Model Overview
CHIH-HUNG/llama-2-13b-FINETUNE2_3w-q_k_v_o_proj is a 13 billion parameter language model built upon the meta-llama/Llama-2-13b-hf architecture. It was fine-tuned by CHIH-HUNG using the huangyt/FINETUNE2 dataset, which contains approximately 30,000 training examples.
Fine-Tuning Details
The fine-tuning process utilized LoRA (Low-Rank Adaptation) with a rank of 8, specifically targeting the q_proj, k_proj, v_proj, and o_proj attention projection layers. Training was conducted for 1 epoch with a learning rate of 5e-5, using bf16 precision and load_in_4bit quantization.

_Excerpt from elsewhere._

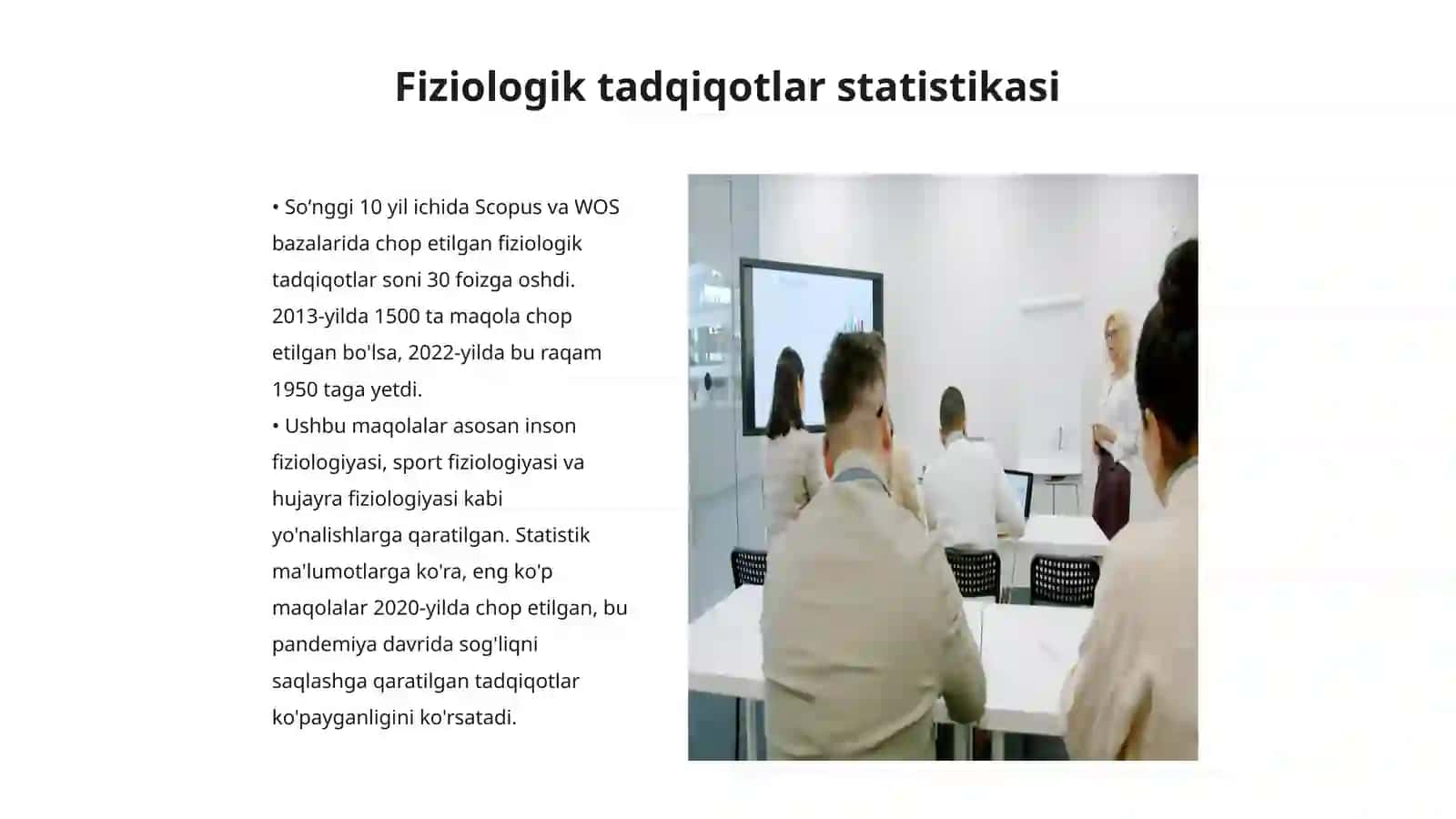 Fiziologik tadqiqotlar: so'nggi 10 yil statistikasi 3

The training loss achieved was 0.65 over a runtime of approximately 3 hours and 33 minutes.
Performance Benchmarks
Evaluation against the HuggingFaceH4/open_llm_leaderboard benchmarks shows the model's performance relative to the base Llama-2-13b models. While its average score is slightly higher than the base Llama-2-13b, it shows improvements in HellaSwag and TruthfulQA scores. For instance, it achieved 82.47 on HellaSwag and 37.92 on TruthfulQA, compared to 80.97 and 34.17 respectively for the base Llama-2-13b-hf.
Use Cases
This model is suitable for tasks requiring a Llama-2-13b variant that has undergone specific fine-tuning on a custom dataset, potentially offering specialized knowledge or improved performance in areas covered by the huangyt/FINETUNE2 dataset. Developers can leverage its fine-tuned capabilities for applications where a 13B parameter model with a 4096-token context window is appropriate.